Since I previously ran the script with some errors, I already have .npmrc - the “clear cache and deploy site” button doesn’t seem to delete the existing .npmrc file.

after a few more tries, and console.logging, I see that npmrc is overriden on each build, setting the registry back to the default npm registry //registry.npmjs.org/:_authToken=… my token is correct here, but the file is overridden with the default npm registry.

Also, writing the file without the if check and spawning yarn again just triggers an infinite loop, so I have to cancel the deploy

I think the easiest thing to do, if the netlify team would be kind enough :pray::pray::pray: would be to introduce a special NPM_RC variable with the contents to be persisted in the .npmrc file.
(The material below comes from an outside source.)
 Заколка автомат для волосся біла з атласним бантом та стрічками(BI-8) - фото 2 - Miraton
@radu, I’d be happy to create a feature request for this. Before I do so, I want to be 100% sure your expectations for the feature. Also, I want to see if there is one more way to workaround this.
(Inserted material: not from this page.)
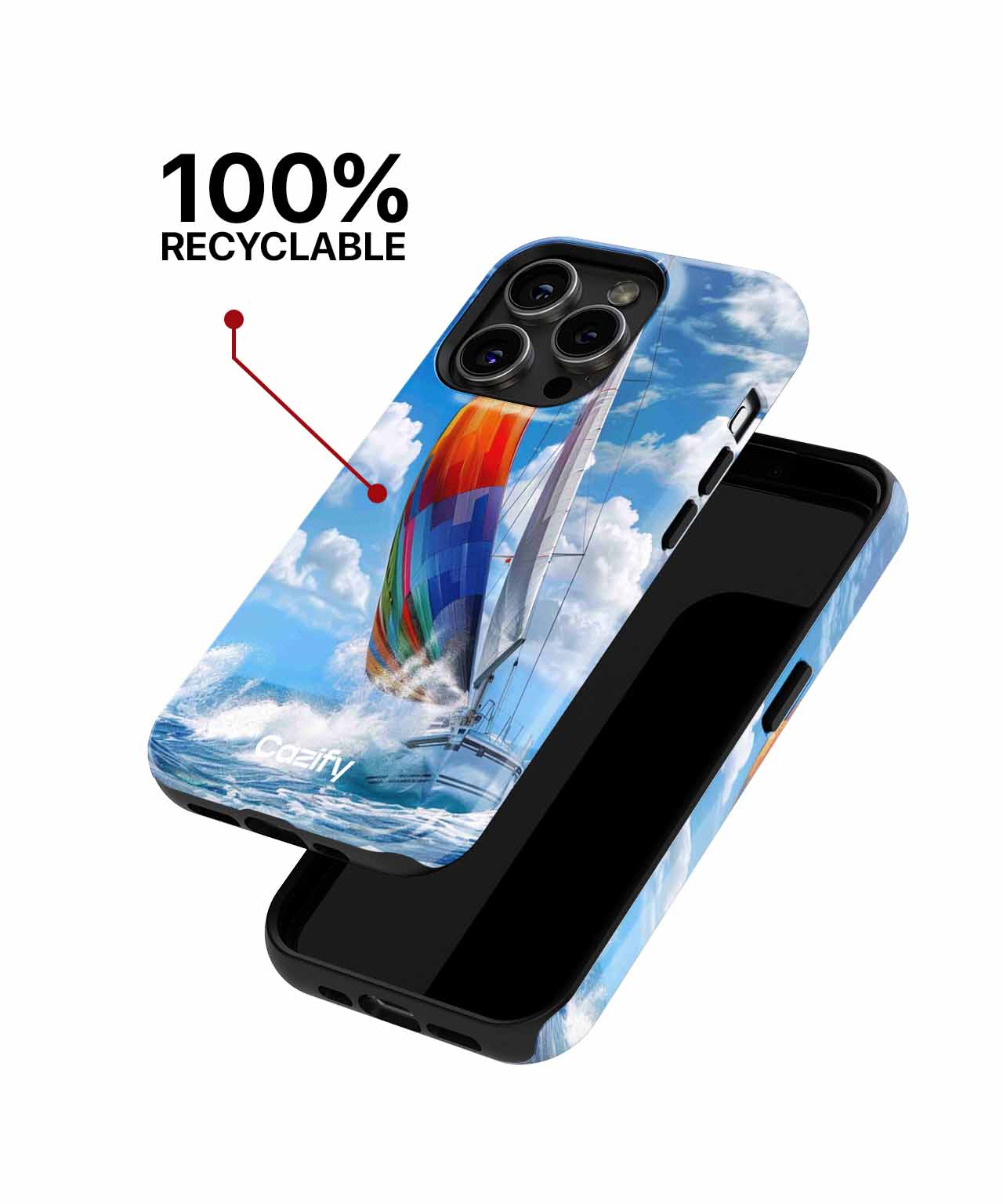 Vibrant sailing adventure on azure waves iPhone case Case Cazify - Delivery Canada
Regarding the solution, if I understand correctly (and if I’m wrong please let me know), the solution would work like this:

  • the NPM_RC file would be defined in the Netlify UI
  • at build and deploy time, Netlify will copy the contents of this environment variable into the .npmrc file
  • this can then be used by npm install during the dependency install phase of the build and deploy

Regarding the workaround, it should be possible to manually do this now. Possibly by echoing the contents of the environment variable to this file in the build commands and then re-running the npm install.

Would you confirm if the feature request description above matches your requirements? Also, if you do test the workaround above, please let us know if it works for you or not.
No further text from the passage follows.